The “Career Express” Pulls Into Stetson
by Allan Appel | October 20, 2009 8:08 AM | Permalink
After working eight years as a certified nursing assistant, Barbara Roberts-George suffered a back injury. She could no longer work with a heavy load of patients. But she could perhaps work one-on-one. She was also thinking of retraining herself.
So she came Monday morning for job-seeking advice to Career Express, the mobile unit of the state Department of Labor that set up shop at the Stetson branch library on Dixwell Avenue.
Career Express, the department’s only traveling one-stop job-assistance Winnebago, carries staff and equipment to offer vocational advice to some 300 to 500 people per month across the state.
Roberts-Gage was the first person that counselor Charles Goorhigian saw Monday morning.
She told him she’d worked until recently at the Arden House Care and Rehab Center in Hamden, where she injured herself. After surgery in December, she was told she couldn’t’ work with so many patients at the same time. One-on-one patient care was suggested to her as alternative.
She’s been looking for that kind of work while collecting workmen’s compensation. Roberts-George supplements her income through being an on-call pre-school teacher for the Board of Ed.
Those calls are not coming to her too often. “Right now, everyone’s holding on to their jobs,” Roberts-George said.
So she’s also considering retraining in cosmetology.
Goorhigian gave Roberts-George a list of reliable online job sites. He also pointed out to her that her resume needed spiffing up.
“Use more highlights, so it’s more easily glanceable. Put your core skills right at the top,” he suggested.
Roberts-George took in the advice . Then they returned to how serious Roberts-George was about switching fields. She said she was.
Goorhigian asked her how she was financing the retraining. She told him workmen’s compensation was funding it. However, classes would not begin until later in the year.
“I’d push the issue of training with them. Especially with the economy so bad,” he said.
“Your resume is your marketing tool. [It must] communicate your value and skills within split seconds,” said Karen Quesnel (pictured), who’s been driving the Career Express Winnebago for the state Department of Labor for five years.
Goorhigian gave Roberts-George his personal contact information at the local CTWorks office, a satellite branch of the department of labor on Marne Street in Hamden.
He asked her to revise the resume and then to give him a call so he could look it over again. At that time he said he’d also help her set up a more easily accessible email account so prospective employers could get back to her.
“We are sort of a one-hit wonder,” said Quesnel. She was referring to the nature of the advice offered by the mobile unit. That’s why they make sure “people walk away with a plan and a place to go.”
“Your resume is your marketing tool. [It must] communicate your value and skills within split seconds,” said Quesnel.
The Winnebago was in for repairs this day. So instead of holding court on wheels, she and Goorhigian set up shop in Stetson’s conference room, where their laptops would have to do.
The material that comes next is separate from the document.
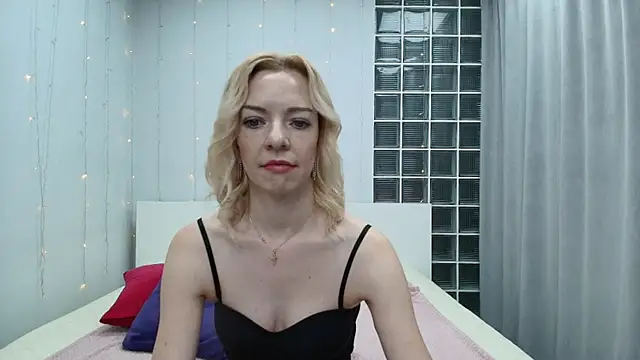 Brightly Heizer online show from 04-14-26, 12:38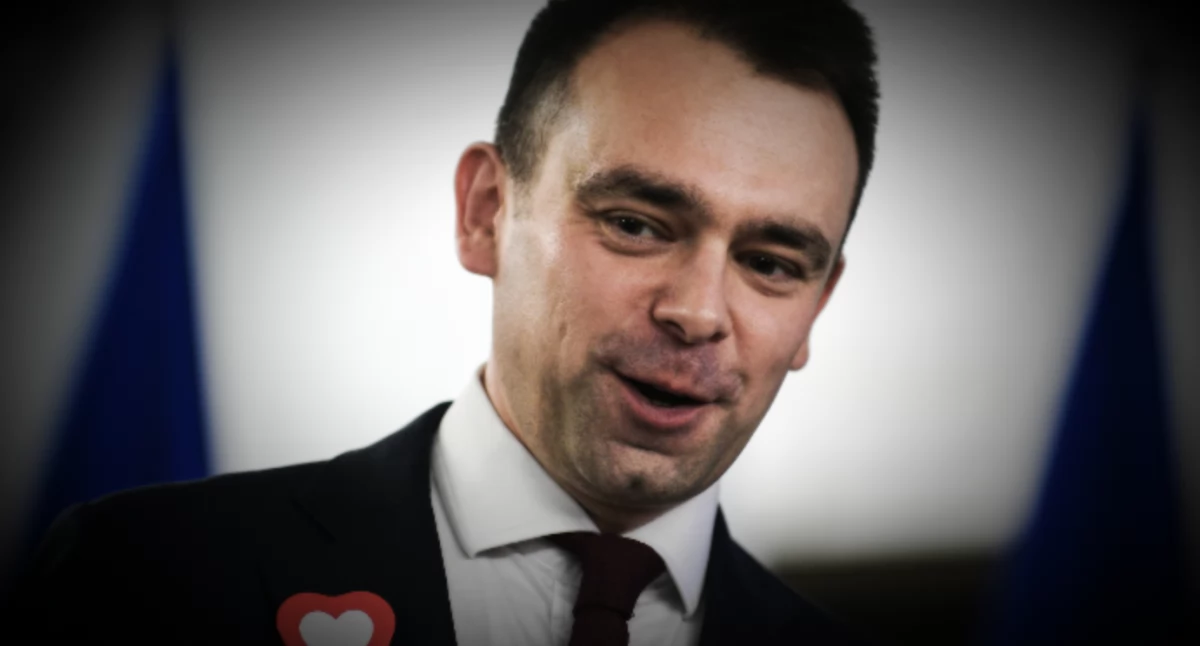 Andrzej Domański przed decyzją życia. Wypłata środków dla PiS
Normally, the Career Express bus has eight computer workstations, satellite access, and a 42-inch plasma monitor so Quesnel can do workshops for clients like Roberts-George.
Roberts-George thanked Goorhigian for his time and put on her coat and stepped away and into the main room of the library.
She said she found the 25-minute session useful. “I haven’t updated my resume in years,” she said. She especially found the job sites she’d been given useful.
The mobile unit will become mobile gain within days. The next stops in our area are at Elm Street on the Green on Wednesday; and at the Fair Haven branch library on Grand Avenue on Friday, Oct. 30, at 9:30 a.m.